> **GIVEN INFORMATION**

((

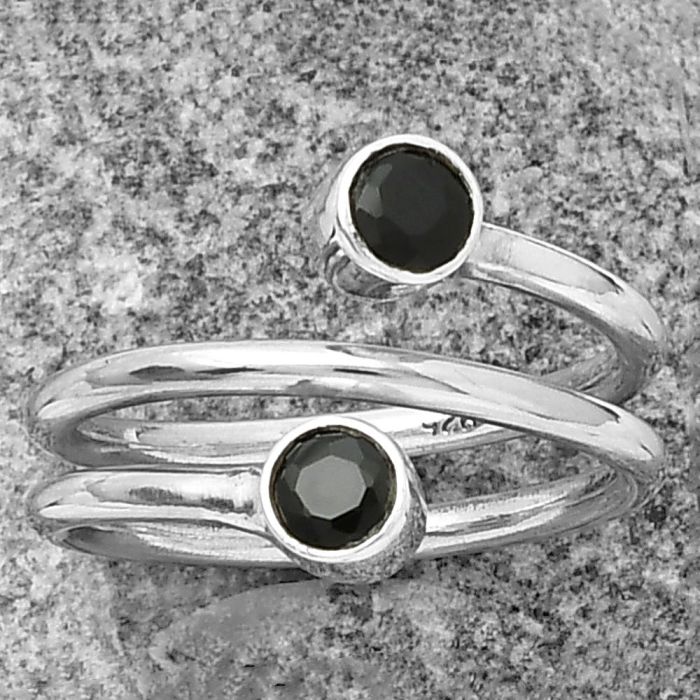 Natural Black Onyx - Brazil Ring size-8 SDR204397 R-1185, 4x4 mm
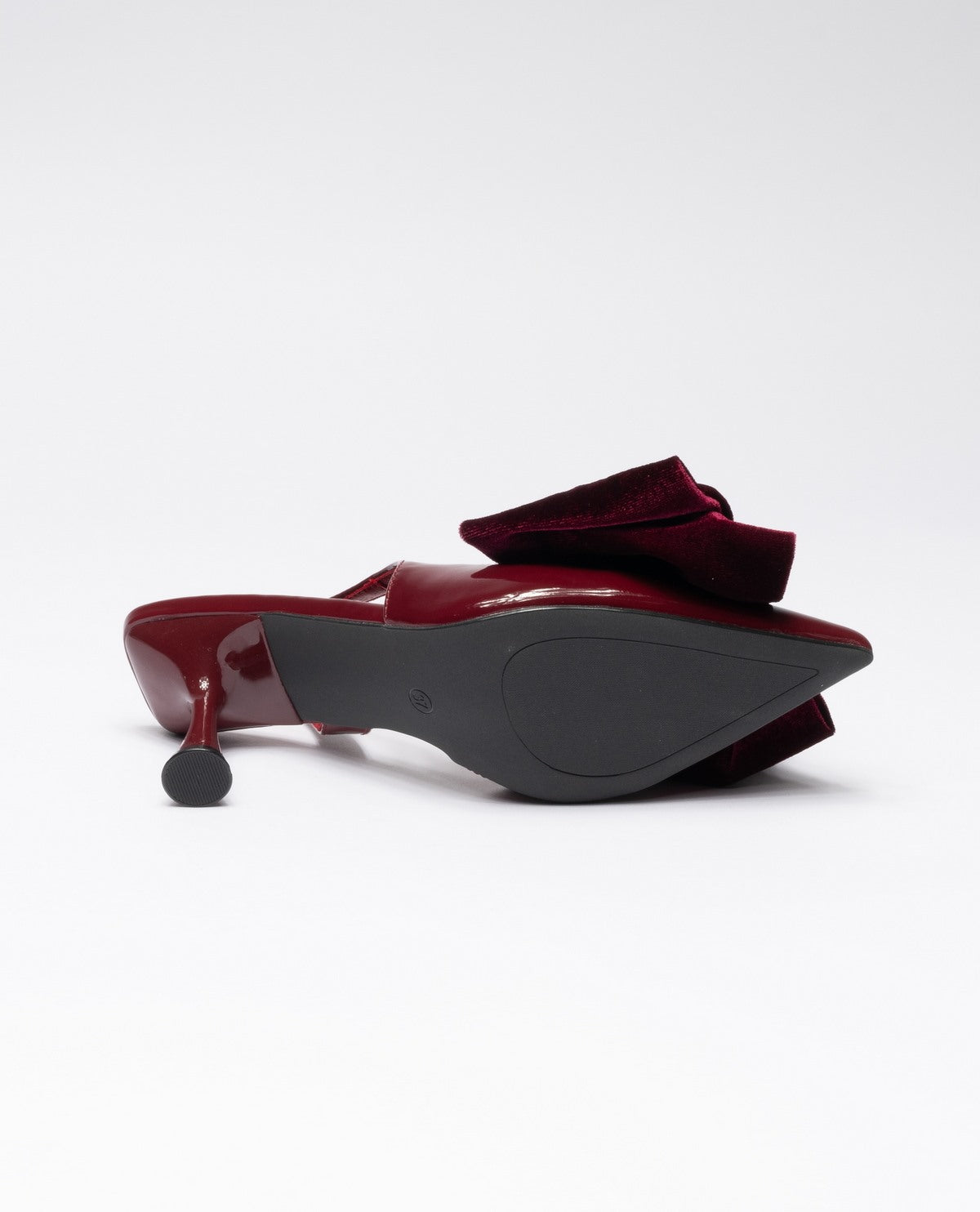 immagine-5-sstore-decollete-slingback-a-punta-in-ecopelle-verniciata-con-fiocco-wine-red-scarpe-con-tacco-p1394_wine-red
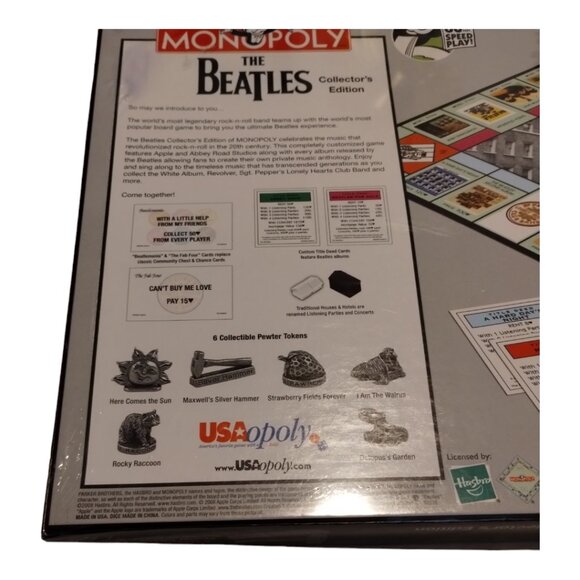 USAopoly The‎ Beatles Collector's Edition Monopoly Board Game 4102880 New in box - Picture 3 of 4
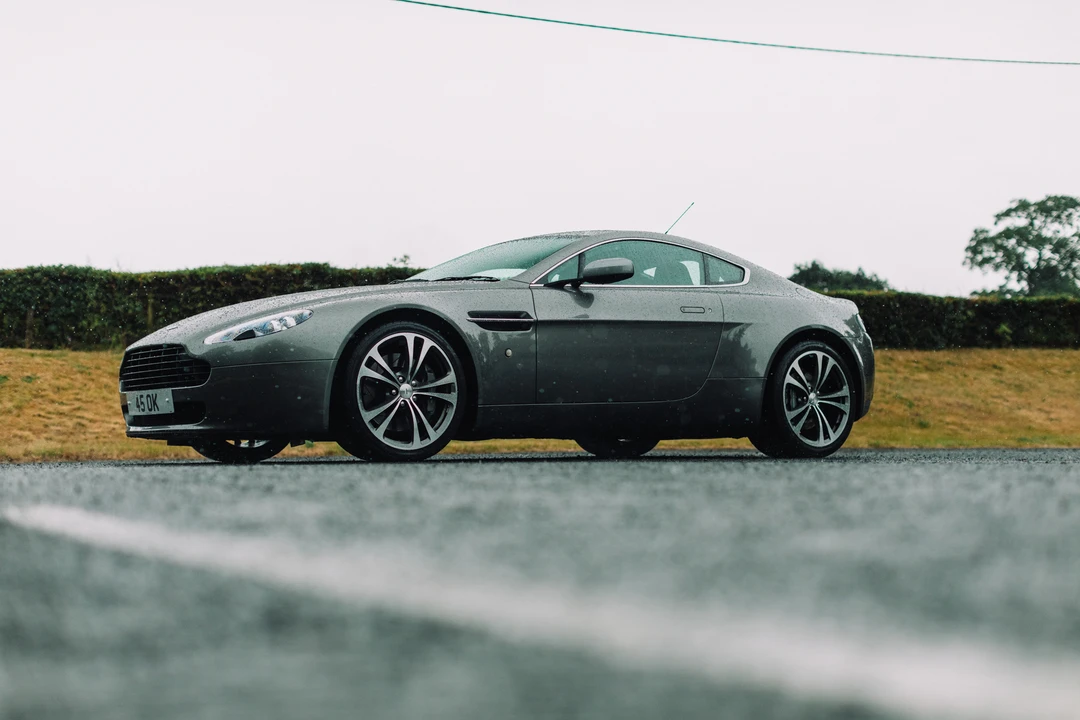 2006 Aston Martin V8 Vantage (2006-2017) - Image 10 of 31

))

> **TASK OBJECTIVE**
Transcribe exactly, and only, the lines from the one with "USAopoly The‎ Beatles" through the final line of the data above. The pictures stay out.

> **OUTPUT**
 USAopoly The‎ Beatles Collector's Edition Monopoly Board Game 4102880 New in box - Picture 3 of 4
 2006 Aston Martin V8 Vantage (2006-2017) - Image 10 of 31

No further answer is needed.